[Records contained in a dataset]
○ ○ ○ ○ ○
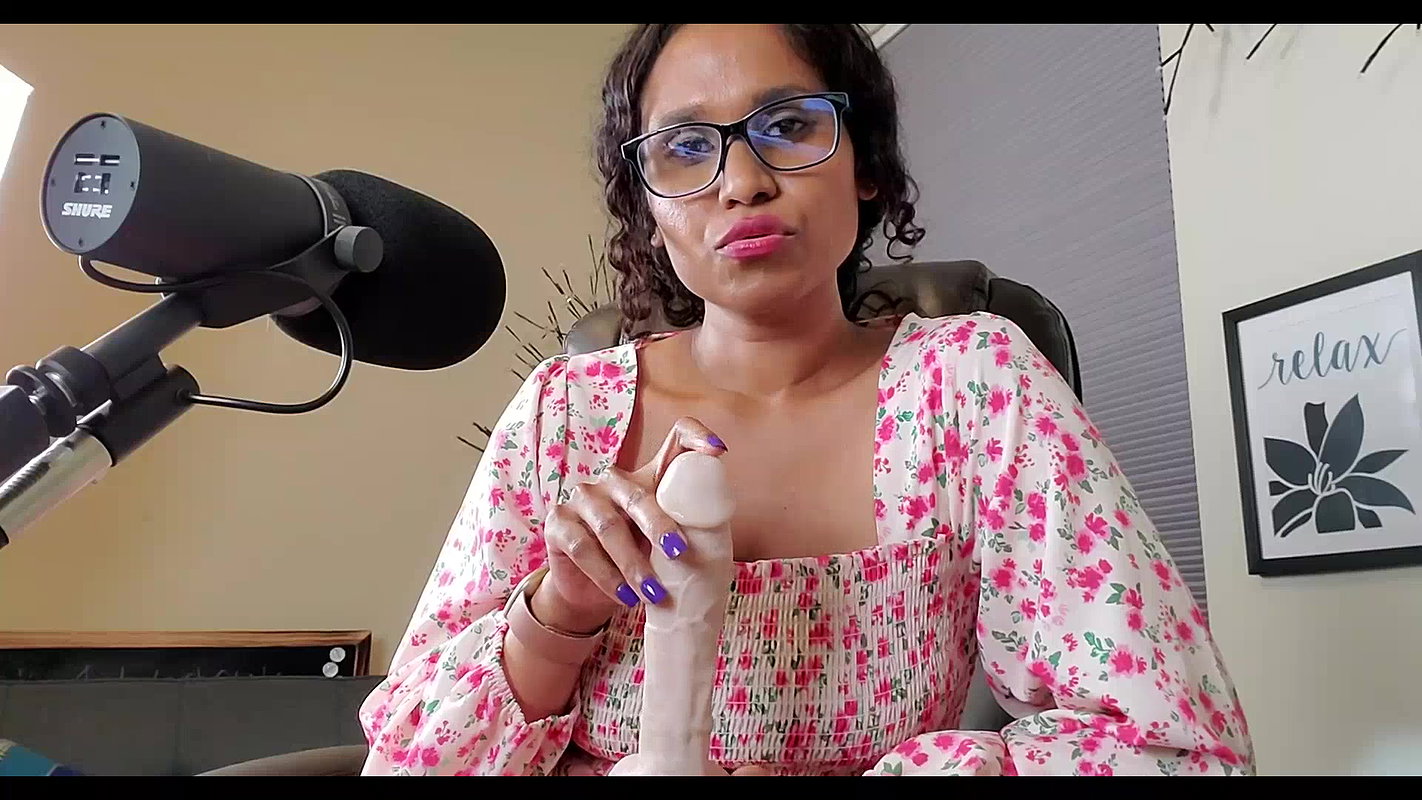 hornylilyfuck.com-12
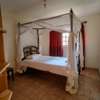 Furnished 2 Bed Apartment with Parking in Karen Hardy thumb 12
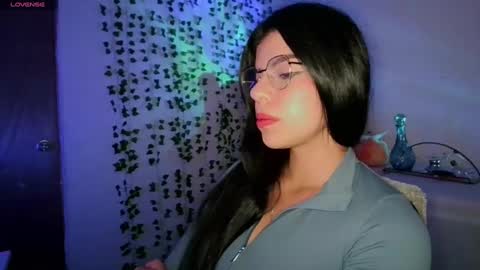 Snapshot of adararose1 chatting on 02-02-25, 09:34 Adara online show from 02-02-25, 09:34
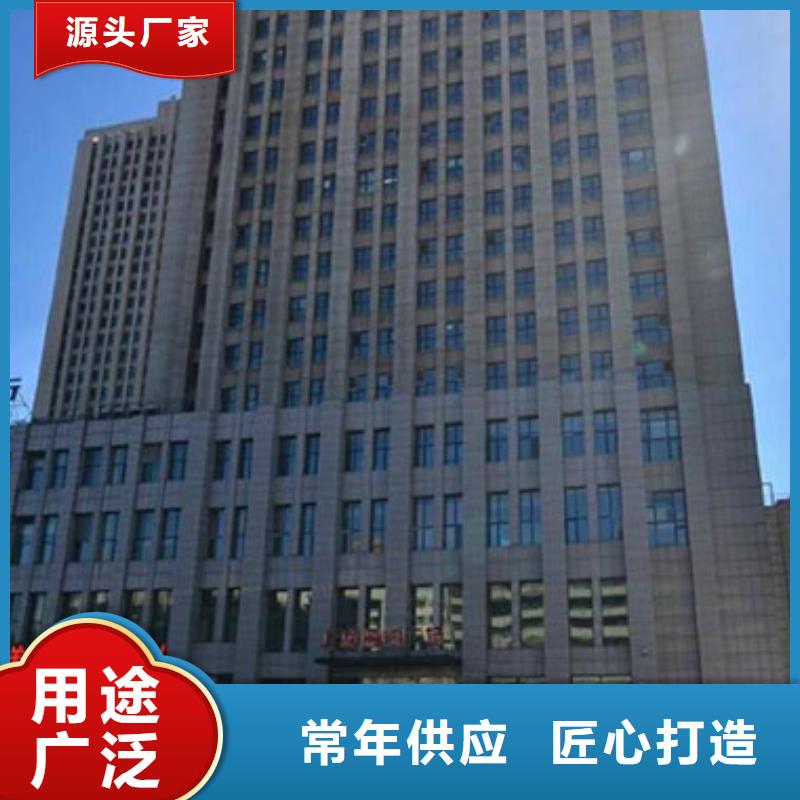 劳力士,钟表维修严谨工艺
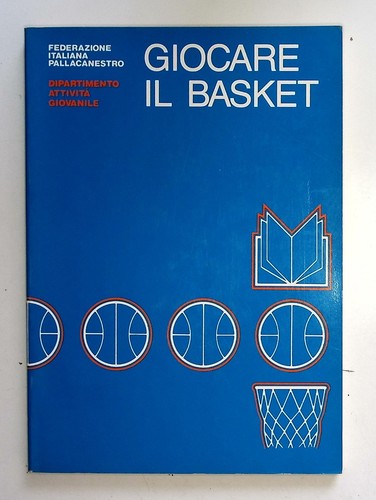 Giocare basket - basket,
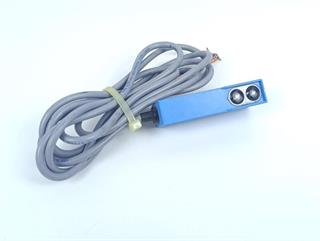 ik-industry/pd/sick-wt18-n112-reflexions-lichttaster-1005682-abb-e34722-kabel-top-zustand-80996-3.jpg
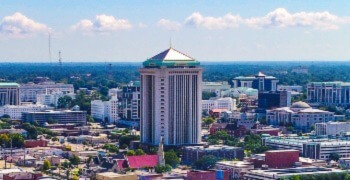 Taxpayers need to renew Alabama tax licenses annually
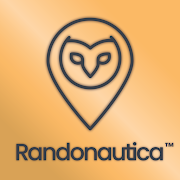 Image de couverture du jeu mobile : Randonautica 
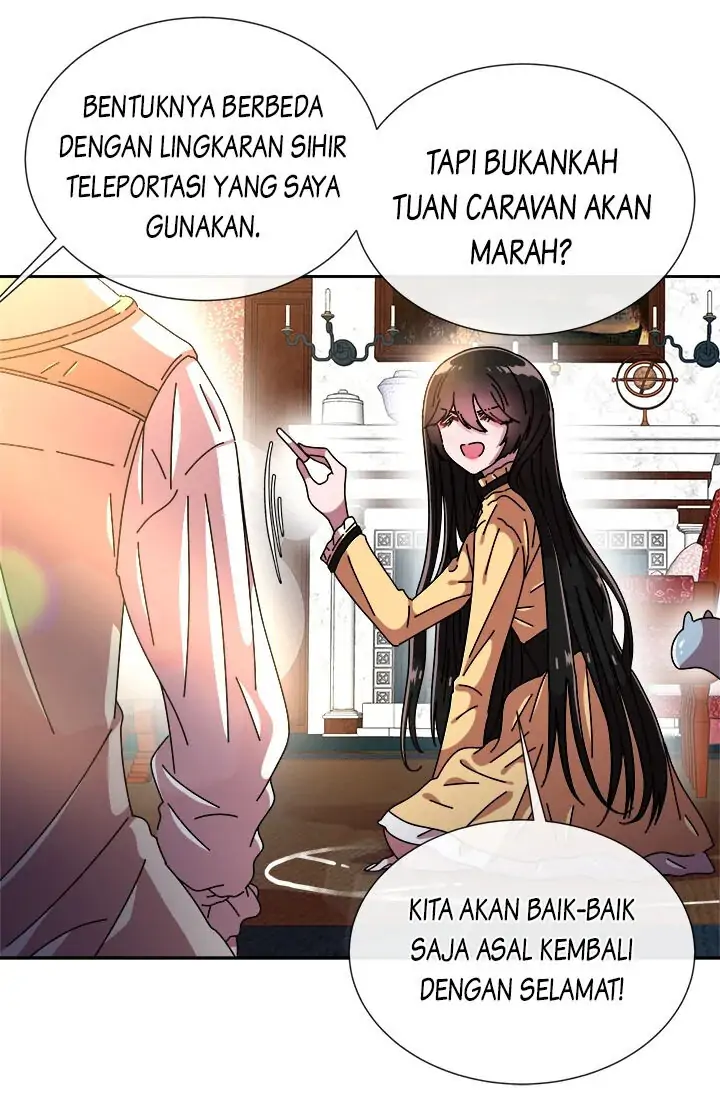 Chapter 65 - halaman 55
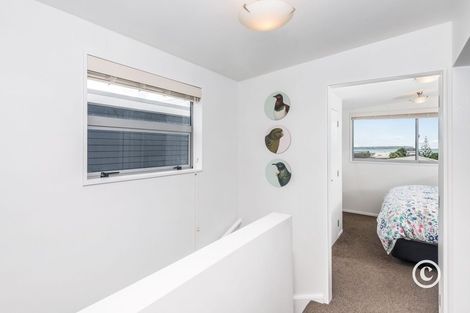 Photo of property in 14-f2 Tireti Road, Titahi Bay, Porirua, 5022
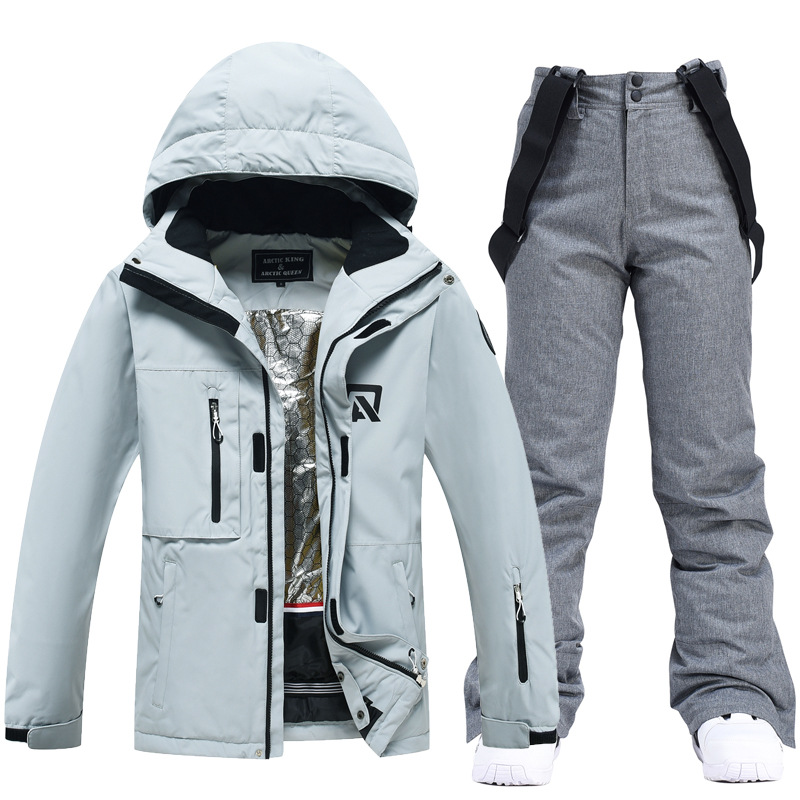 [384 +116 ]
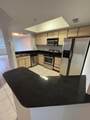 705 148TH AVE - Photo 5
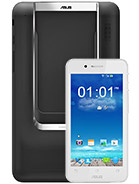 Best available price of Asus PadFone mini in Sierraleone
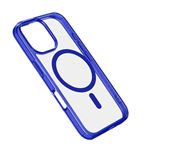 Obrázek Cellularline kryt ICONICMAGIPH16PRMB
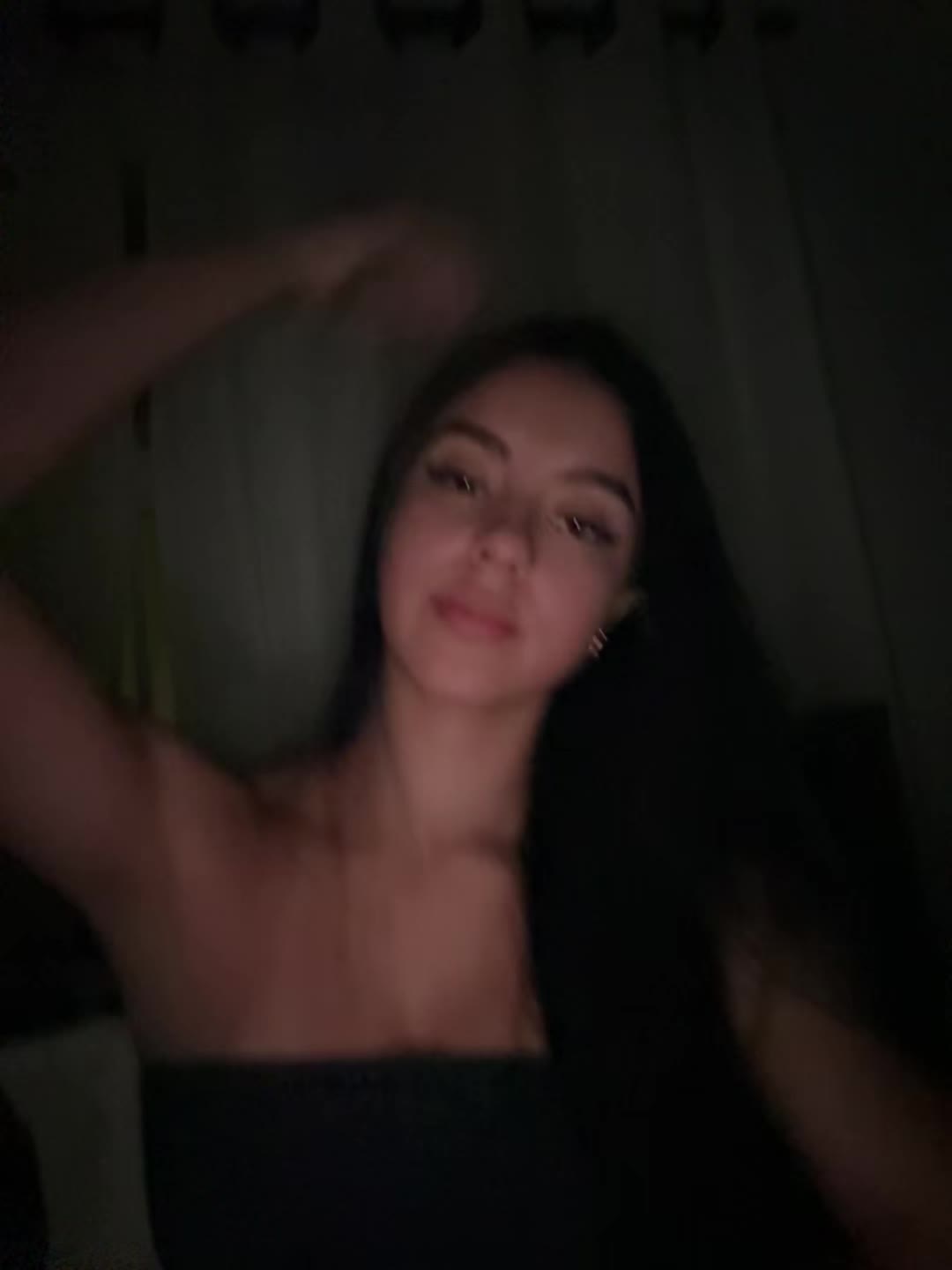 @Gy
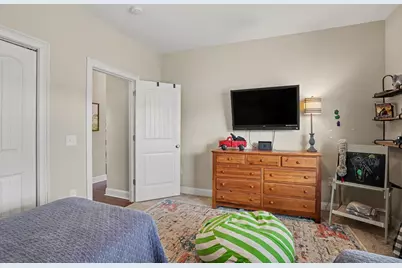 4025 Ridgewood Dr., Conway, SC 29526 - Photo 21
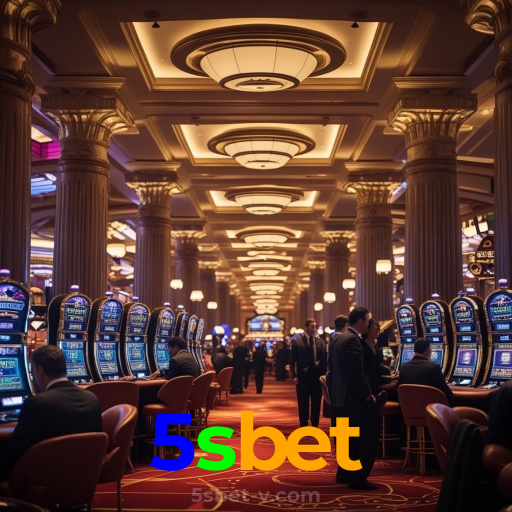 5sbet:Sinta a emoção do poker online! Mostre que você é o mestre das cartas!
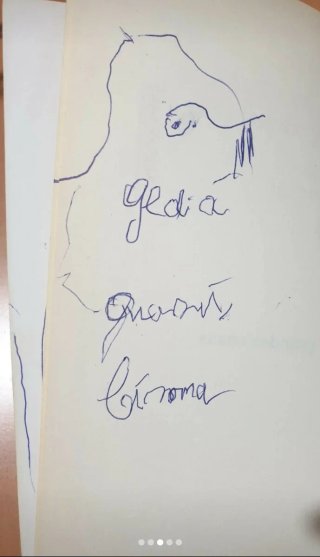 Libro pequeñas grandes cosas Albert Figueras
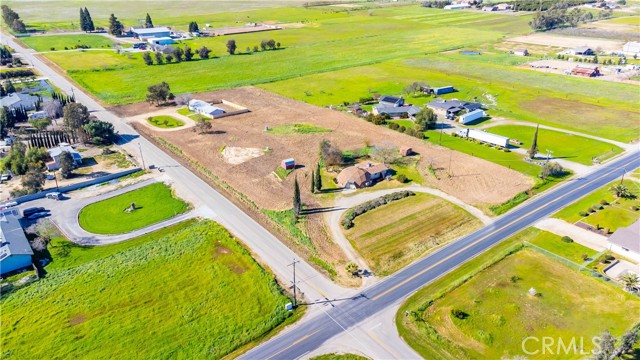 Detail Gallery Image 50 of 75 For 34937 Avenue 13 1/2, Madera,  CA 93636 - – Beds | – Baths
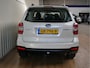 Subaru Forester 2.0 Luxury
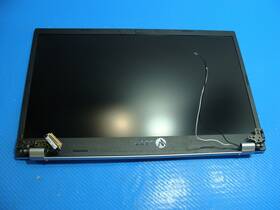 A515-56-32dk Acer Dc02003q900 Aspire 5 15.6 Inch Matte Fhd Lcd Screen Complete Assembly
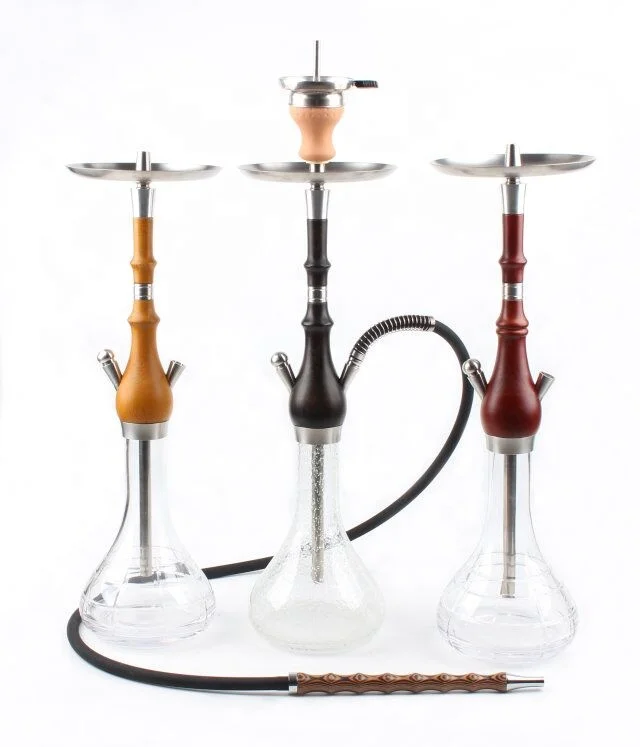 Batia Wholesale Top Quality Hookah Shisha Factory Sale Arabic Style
○ ○ ○ ○ ○
▶ **Requirement**
Your answer must be an exact repeat of the records above, with no pictures in it.

▶ **Your solution**
 hornylilyfuck.com-12
 Furnished 2 Bed Apartment with Parking in Karen Hardy thumb 12
 Snapshot of adararose1 chatting on 02-02-25, 09:34 Adara online show from 02-02-25, 09:34
 劳力士,钟表维修严谨工艺
 Giocare basket - basket,
 ik-industry/pd/sick-wt18-n112-reflexions-lichttaster-1005682-abb-e34722-kabel-top-zustand-80996-3.jpg
 Taxpayers need to renew Alabama tax licenses annually
 Image de couverture du jeu mobile : Randonautica 
 Chapter 65 - halaman 55
 Photo of property in 14-f2 Tireti Road, Titahi Bay, Porirua, 5022
 [384 +116 ]
 705 148TH AVE - Photo 5
 Best available price of Asus PadFone mini in Sierraleone
 Obrázek Cellularline kryt ICONICMAGIPH16PRMB
 @Gy
 4025 Ridgewood Dr., Conway, SC 29526 - Photo 21
 5sbet:Sinta a emoção do poker online! Mostre que você é o mestre das cartas!
 Libro pequeñas grandes cosas Albert Figueras
 Detail Gallery Image 50 of 75 For 34937 Avenue 13 1/2, Madera,  CA 93636 - – Beds | – Baths
 Subaru Forester 2.0 Luxury
 A515-56-32dk Acer Dc02003q900 Aspire 5 15.6 Inch Matte Fhd Lcd Screen Complete Assembly
 Batia Wholesale Top Quality Hookah Shisha Factory Sale Arabic Style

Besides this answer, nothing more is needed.